"env" parameter to "popen" won't accept Unicode on Windows - minorUnicode bug

Discussion in 'Python' started by John Nagle, Jan 15, 2008.

  1. John Nagle

    John Nagle Guest

    I passed a dict for the "env" variable to Popen with Unicode strings
    for the dictionary values.

    Got:

    File "D:\Python24\lib\subprocess.py", line 706, in _execute_child
    TypeError: environment can only contain strings

    It turns out that the strings in the "env" parameter have to be ASCII,
    not Unicode, even though Windows fully supports Unicode in CreateProcess.

    John Nagle
     
    John Nagle, Jan 15, 2008
    #1
    1. Advertising

  2. Re: "env" parameter to "popen" won't accept Unicode on Windows - minor Unicode bug

    John Nagle wrote:

    > It turns out that the strings in the "env" parameter have to be
    > ASCII, not Unicode, even though Windows fully supports Unicode in
    > CreateProcess.


    Are you sure it supports Unicode, not UTF8 or UTF16? Probably using
    something like u"thestring".encode("utf16") will help.

    Regards,


    Björn

    --
    BOFH excuse #31:

    cellular telephone interference
     
    Bjoern Schliessmann, Jan 15, 2008
    #2
    1. Advertising

  3. John Nagle

    Benjamin Guest

    Re: "env" parameter to "popen" won't accept Unicode on Windows -minor Unicode bug

    On Jan 14, 6:26 pm, Bjoern Schliessmann <usenet-
    > wrote:
    > John Nagle wrote:
    > > It turns out that the strings in the "env" parameter have to be
    > > ASCII, not Unicode, even though Windows fully supports Unicode in
    > > CreateProcess.

    >
    > Are you sure it supports Unicode, not UTF8 or UTF16? Probably using
    > something like u"thestring".encode("utf16") will help.

    Otherwise: bugs.python.org
    >
    > Regards,
    >
    > Björn
    >
    > --
    > BOFH excuse #31:
    >
    > cellular telephone interference
     
    Benjamin, Jan 15, 2008
    #3
  4. John Nagle

    Benjamin Guest

    Re: "env" parameter to "popen" won't accept Unicode on Windows -minor Unicode bug

    On Jan 14, 6:26 pm, John Nagle <> wrote:
    > I passed a dict for the "env" variable to Popen with Unicode strings
    > for the dictionary values.
    >
    > Got:
    >
    > File "D:\Python24\lib\subprocess.py", line 706, in _execute_child
    > TypeError: environment can only contain strings
    >
    > It turns out that the strings in the "env" parameter have to be ASCII,
    > not Unicode, even though Windows fully supports Unicode in CreateProcess.


    >
    > John Nagle
     
    Benjamin, Jan 15, 2008
    #4
  5. John Nagle

    John Nagle Guest

    Re: "env" parameter to "popen" won't accept Unicode on Windows -minor Unicode bug

    Benjamin wrote:
    > On Jan 14, 6:26 pm, Bjoern Schliessmann <usenet-
    > > wrote:
    >> John Nagle wrote:
    >>> It turns out that the strings in the "env" parameter have to be
    >>> ASCII, not Unicode, even though Windows fully supports Unicode in
    >>> CreateProcess.

    >> Are you sure it supports Unicode, not UTF8 or UTF16? Probably using
    >> something like u"thestring".encode("utf16") will help.
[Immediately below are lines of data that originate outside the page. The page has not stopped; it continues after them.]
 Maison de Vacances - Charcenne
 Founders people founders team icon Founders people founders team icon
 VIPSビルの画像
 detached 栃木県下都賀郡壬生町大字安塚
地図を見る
    > Otherwise: bugs.python.org


    Whatever translation is necessary should be done in "popen", which
    has cases for Windows and POSIX. "popen" is supposed to be cross-platform
    to the extent possible. I think it's just something that didn't get fixed
    when Unicode support went in.

    John Nagle
     
    John Nagle, Jan 15, 2008
    #5
  6. Re: "env" parameter to "popen" won't accept Unicode on Windows - minor Unicode bug

    John Nagle wrote:

    > Benjamin wrote:
    >> On Jan 14, 6:26 pm, Bjoern Schliessmann <usenet-
    >> > wrote:
    >>> John Nagle wrote:
    >>>> It turns out that the strings in the "env" parameter have to be
    >>>> ASCII, not Unicode, even though Windows fully supports Unicode in
    >>>> CreateProcess.


    That's of course nonsense, they don't need to be ascii, they need to be
    byte-strings in whatever encoding you like.
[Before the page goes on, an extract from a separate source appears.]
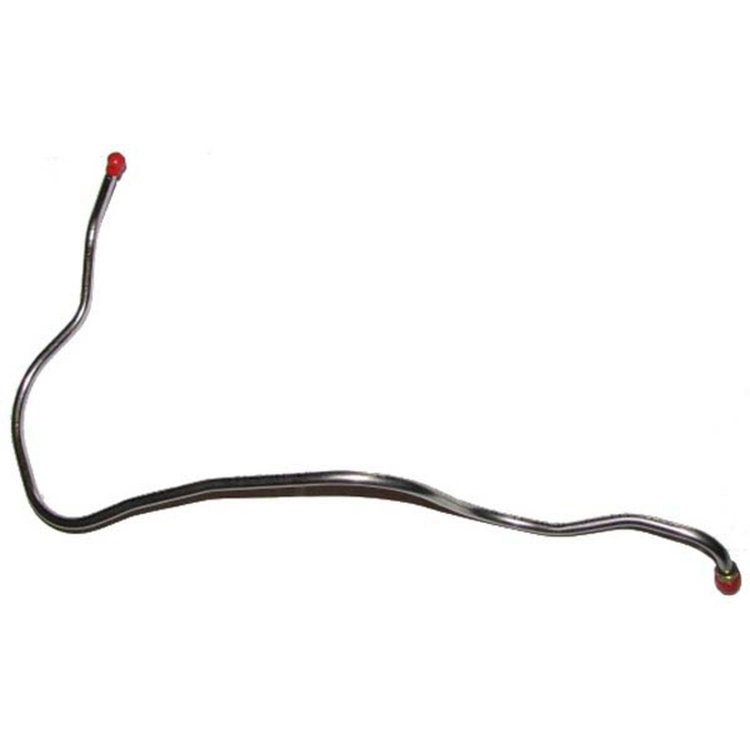 68 -70 6 Cyl 250 - Fuel Pump to Carb. Line - Stainless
    >>> Are you sure it supports Unicode, not UTF8 or UTF16? Probably using
    >>> something like u"thestring".encode("utf16") will help.

    >> Otherwise: bugs.python.org


    John's understanding of the differences between unicode and it's encodings
    is a bit blurry, to say the least.

    > Whatever translation is necessary should be done in "popen", which
    > has cases for Windows and POSIX. "popen" is supposed to be cross-platform
    > to the extent possible. I think it's just something that didn't get fixed
    > when Unicode support went in.


    Sure thing, python will just magically convert unicode to the encoding the
    program YOU invoke will expect. Right after we introduced the

    solve_my_problem()

    built-in-function. Any other wishes?

    If I write this simple program

    ------ test.py -------
    import os
    import sys

    ENCODDINGS = ['utf-8', 'latin1']

    os.env["MY_VARIABLE"].encode(ENCODINGS[int(sys.argv[1])])
    ------ test.py -------


    how's python supposed to know that

    suprocess.call("python test.py 0", env=dict(MY_VARIABLE=u'foo'))

    needs to be UTF-8?

    Diez
     
    Diez B. Roggisch, Jan 15, 2008
    #6
  7. John Nagle

    Brian Smith Guest

    RE: "env" parameter to "popen" won't accept Unicode on Windows -minorUnicode bug

    Diez B. Roggisch wrote:
    > Sure thing, python will just magically convert unicode to the
    > encoding the program YOU invoke will expect. Right after we
    > introduced the
    >
    > solve_my_problem()
    >
    > built-in-function. Any other wishes?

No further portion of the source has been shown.